Page MenuHomePhabricator

Create grafana panels for user conflicts, bucketed by edit count
Closed, ResolvedPublic3 Estimated Story Points

Description

In T236886: Track numbers based on the users experience level we split conflict metrics out by user experience, in number of edits. Create new graphs to show this information, probably in the same conflict dashboard as the older metrics.

Event Timeline

Restricted Application added a subscriber: Aklapper. · View Herald Transcript
awight set the point value for this task to 3.Nov 6 2019, 12:50 PM
awight renamed this task from Create grafana panels for new user-tenure bucketed conflict data to Create grafana panels for user conflicts, bucketed by edit count.Nov 8 2019, 10:56 AM
awight updated the task description. (Show Details)

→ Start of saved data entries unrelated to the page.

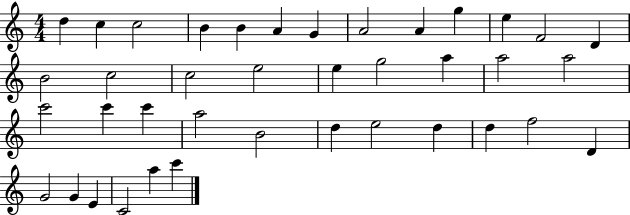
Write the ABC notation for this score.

X:1
T:Untitled
M:4/4
L:1/4
K:C
d c c2 B B A G A2 A g e F2 D B2 c2 c2 e2 e g2 a a2 a2 c'2 c' c' a2 B2 d e2 d d f2 D G2 G E C2 a c' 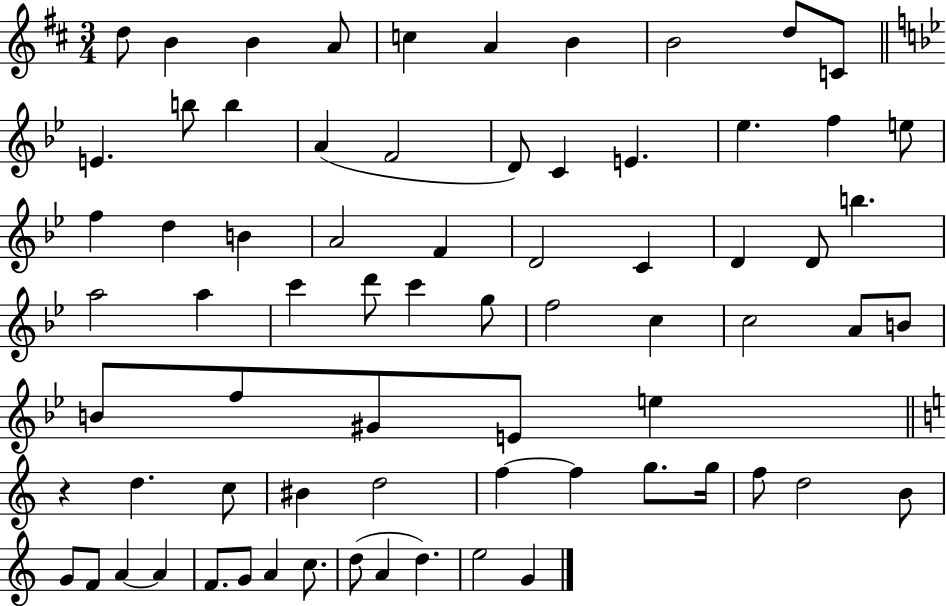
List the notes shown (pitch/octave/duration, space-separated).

D5/e B4/q B4/q A4/e C5/q A4/q B4/q B4/h D5/e C4/e E4/q. B5/e B5/q A4/q F4/h D4/e C4/q E4/q. Eb5/q. F5/q E5/e F5/q D5/q B4/q A4/h F4/q D4/h C4/q D4/q D4/e B5/q. A5/h A5/q C6/q D6/e C6/q G5/e F5/h C5/q C5/h A4/e B4/e B4/e F5/e G#4/e E4/e E5/q R/q D5/q. C5/e BIS4/q D5/h F5/q F5/q G5/e. G5/s F5/e D5/h B4/e G4/e F4/e A4/q A4/q F4/e. G4/e A4/q C5/e. D5/e A4/q D5/q. E5/h G4/q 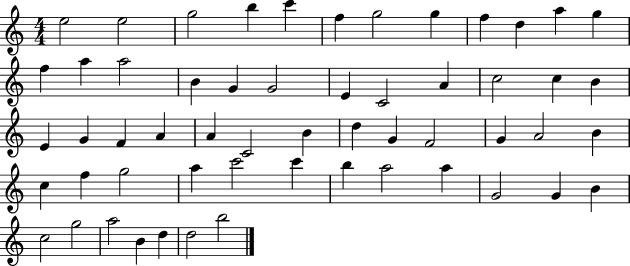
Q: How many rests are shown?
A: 0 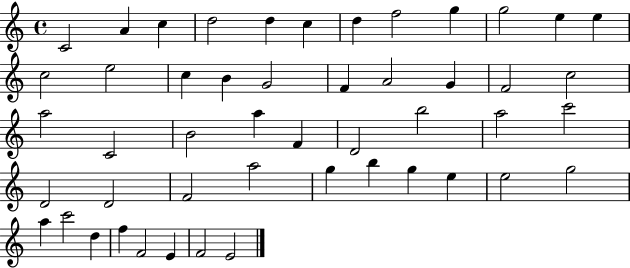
{
  \clef treble
  \time 4/4
  \defaultTimeSignature
  \key c \major
  c'2 a'4 c''4 | d''2 d''4 c''4 | d''4 f''2 g''4 | g''2 e''4 e''4 | \break c''2 e''2 | c''4 b'4 g'2 | f'4 a'2 g'4 | f'2 c''2 | \break a''2 c'2 | b'2 a''4 f'4 | d'2 b''2 | a''2 c'''2 | \break d'2 d'2 | f'2 a''2 | g''4 b''4 g''4 e''4 | e''2 g''2 | \break a''4 c'''2 d''4 | f''4 f'2 e'4 | f'2 e'2 | \bar "|."
}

Something's wrong here, for example I see percentages well over 100% for the anon group. Can you spell out what the math is supposed to be doing?

Other minor suggestions:

  • Would be nice to have a legend, maybe with the average for each group over the timespan.
  • It might be impossible, but can be groups be given names which naturally collate in an order that makes sense? We should have thought of this at coding time, it might be annoying now.
  • "User Contribution Score" is usually "by Editor Experience"
  • Null value handling (Display tab) should probably be "zero" or "connected", depending on the metric. Otherwise we have discontinuities.
  • aliasByNode can usually be aliasByMetric, then you don't have to specify the node position.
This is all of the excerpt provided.